There are several reasons organizations need robust DLP measures in place:

  • Compliance – Regulations like HIPAA, PCI DSS, GDPR mandate data security and privacy. Failing compliance can lead to heavy penalties.
  • Reputational damage – Data breaches erode consumer trust and tarnish brand image. A DLP strategy limits this risk.
  • Financial loss – Breaches often facilitate crimes like identity theft and fraud. There are also notification and recovery costs.
  • Security risks – Lost or stolen devices containing sensitive data enable cyber threats. DLP reduces vulnerability.

Implementing DLP allows businesses to systematically identify, monitor and protect their critical data across all endpoints and systems.
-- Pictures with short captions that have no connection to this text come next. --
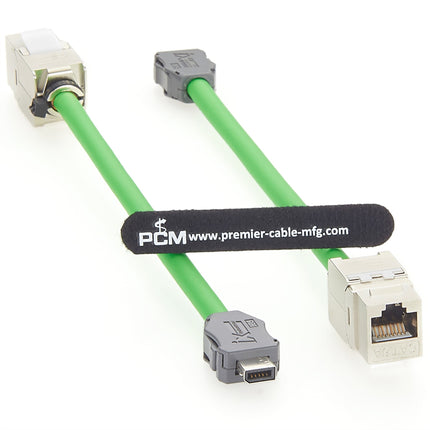 IX Industrial Category 6a Ethernet Cable IX A Key to RJ45 Jack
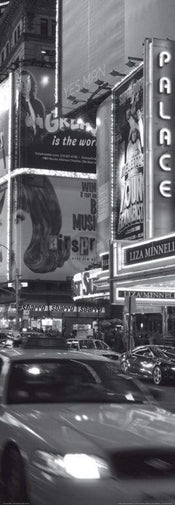 Alan Copson - Times Sqare at night, New York Kunstdruck 33x95cm | Yourdecoration.de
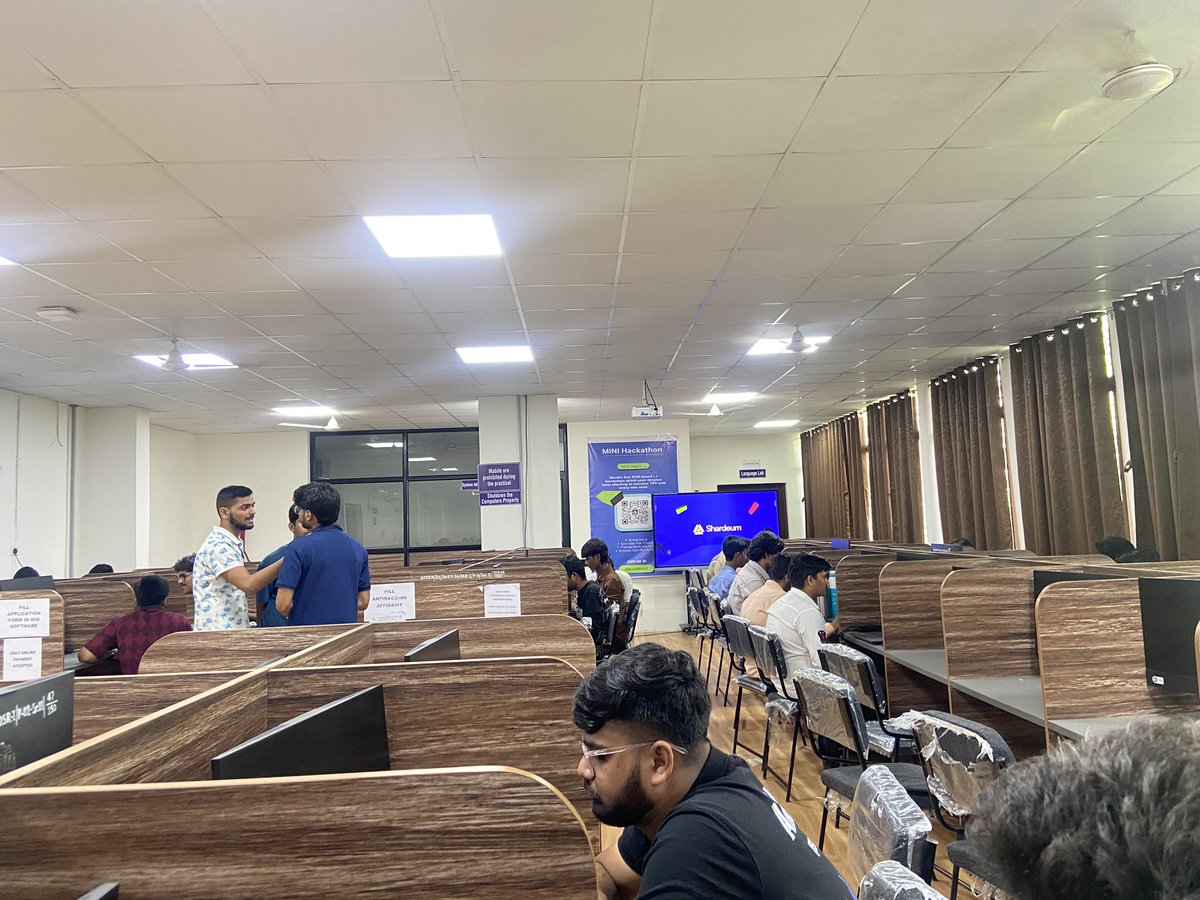 mohit_rajurkar_'s tweet image. Hackathon vibes = ☕ + code + creativity + teamwork 🤝⚡

Had an amazing time at the Shardeum Builder Mini Hackathon. From brainstorming to pitching, every moment was full of learning &amp;amp; fun! 💡✨

@Yash__Balpande @nikhil_aparajit @shardeum #ProofOfCommunity #MiniHackathon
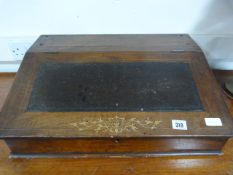 Mahogany Inlaid Writing Slope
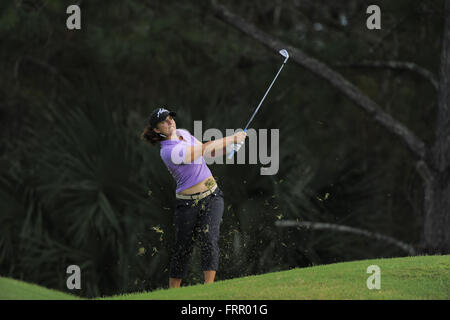 Daytona Beach, FL, Stati Uniti d'America. Il 29 settembre, 2013. Anya Alvarez durante il terzo round del Tour Symetra campionato LPGA International sul Sett. 29, 2013 in Daytona Beach, Florida. ZUMA Press/Scott A. Miller © Scott A. Miller/ZUMA filo/Alamy Live News Foto Stock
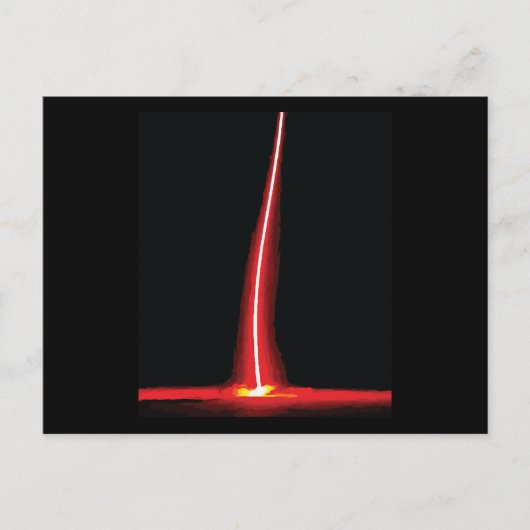 Bliksemend Thunderstorm Weather Light Briefkaart (Voorkant)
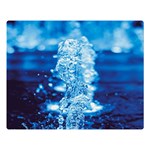 Water Blue wallpaper Premium Plush Fleece Blanket (Large) 80 x60  Blanket Front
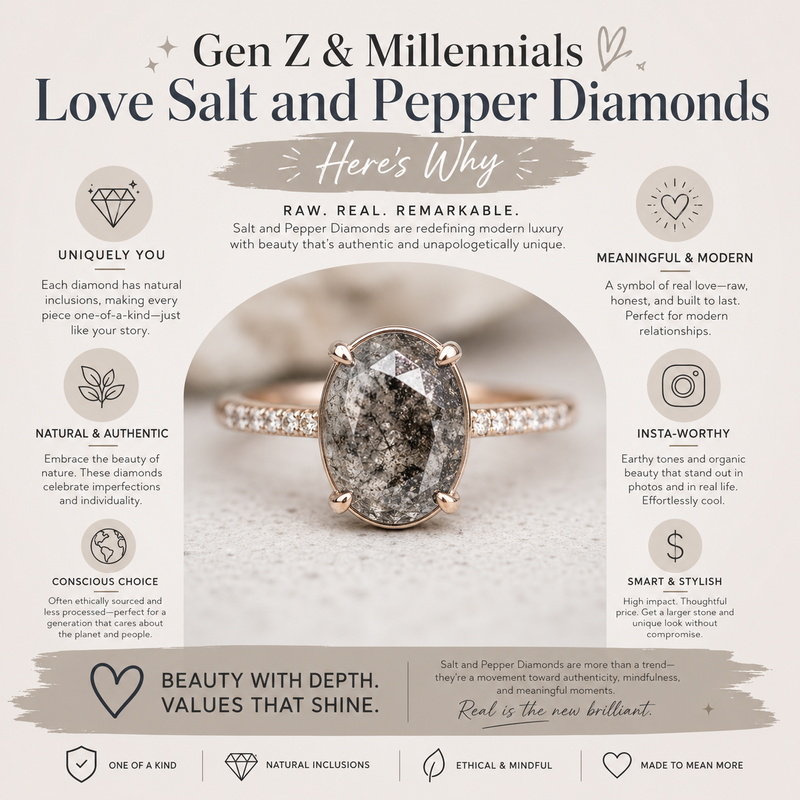 Gen Z &amp; Millennials Love Salt and Pepper Diamonds – Here’s Why
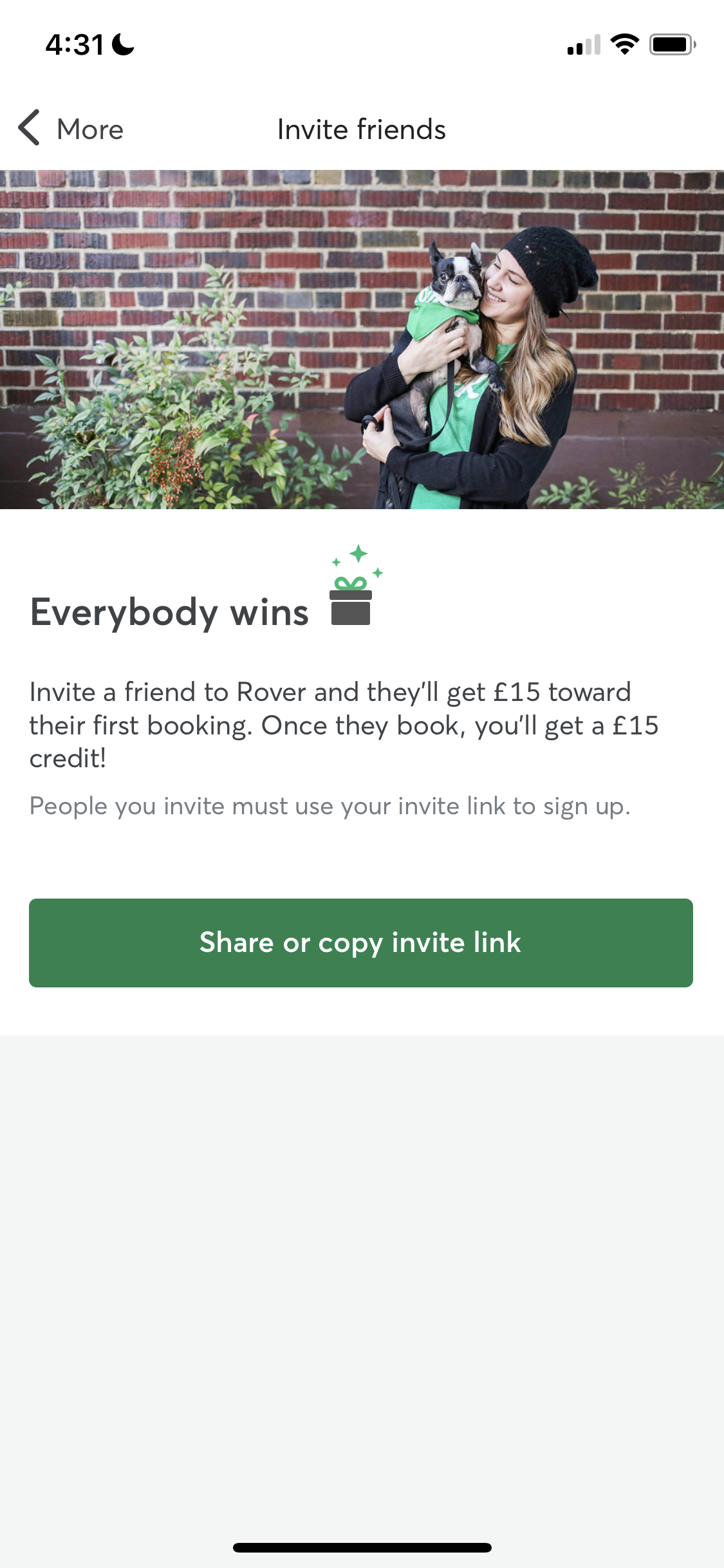 Screenshot of Invite people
Key elements of a DLP strategy

An effective data loss prevention plan comprises four central elements:

1. Data discovery and classification

The first step is to discover all sensitive data within the organization and classify it based on its level of sensitivity and privacy requirements. This enables policies, controls and monitoring to be applied accordingly. Data discovery should scan repositories like files servers, databases, emails, cloud apps and endpoints.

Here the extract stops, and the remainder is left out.